• **Data**:

»»

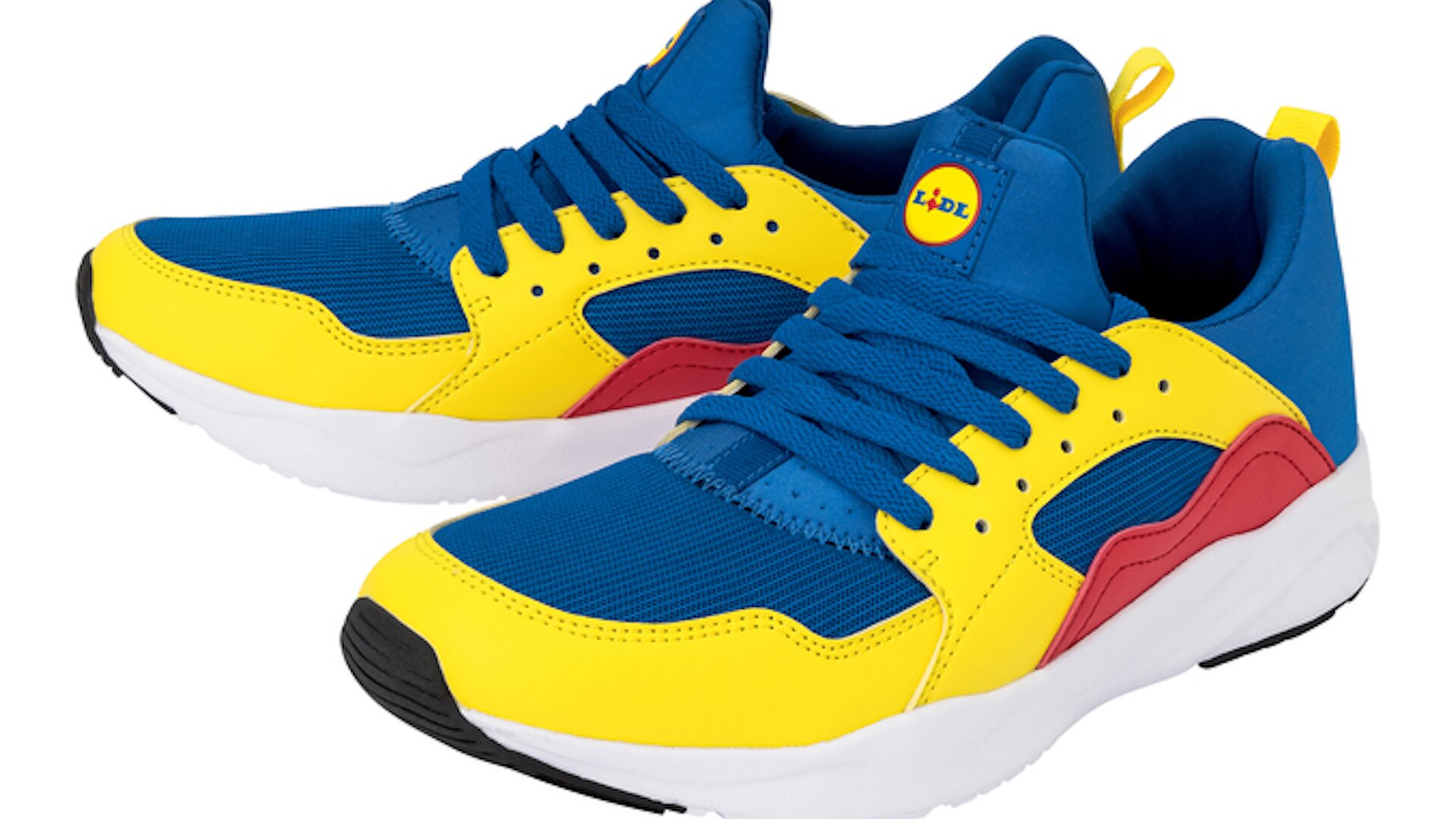 Ressa e assembramenti: l’assurda storia delle sneaker Lidl (Video)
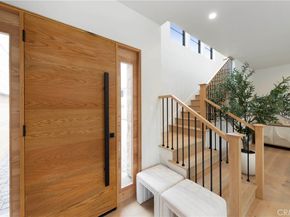 1594 Redlands Place, Costa Mesa CA 92627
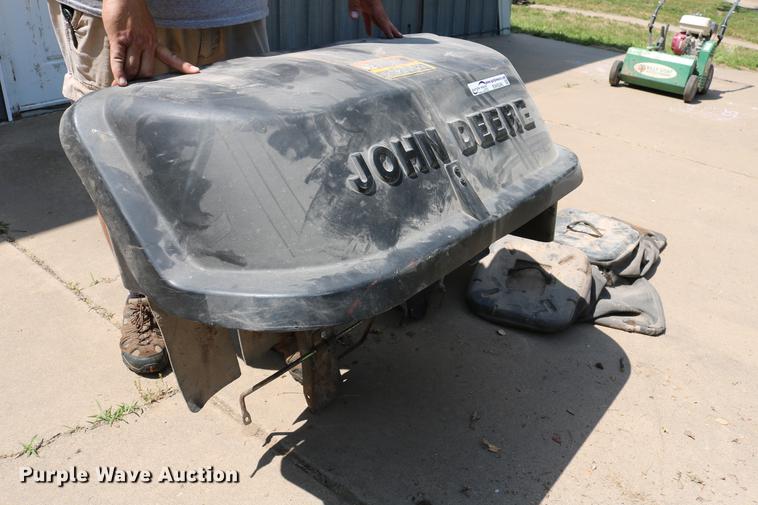 image for item EW9246 John Deere bagging system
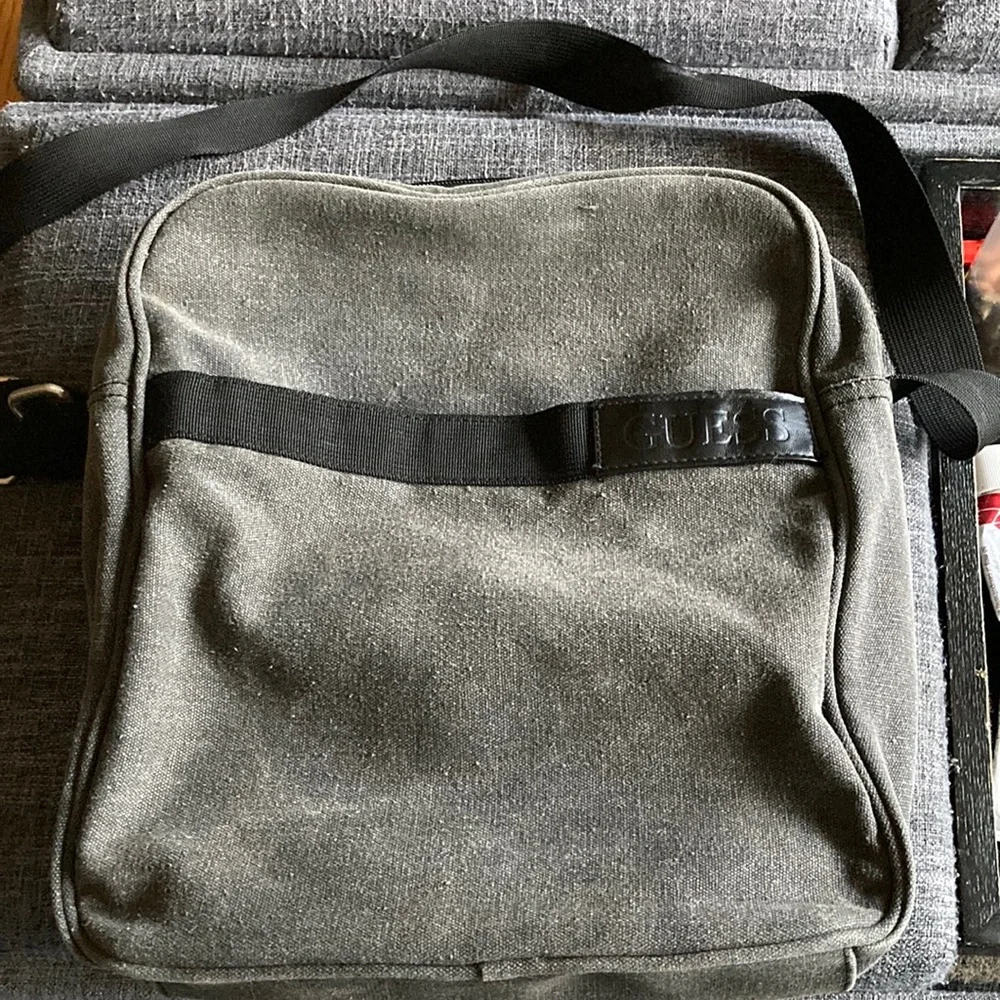 GUESS MESSENGER BAG - Picture 1 of 9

««

• **Task details**: Your copy should hold only the lines from the line with "1594 Redlands Place, Costa Mesa CA 92627" through the end of the data above, both ends included, transcribed exactly and without pictures.

• **Finished task**:
 1594 Redlands Place, Costa Mesa CA 92627
 image for item EW9246 John Deere bagging system
 GUESS MESSENGER BAG - Picture 1 of 9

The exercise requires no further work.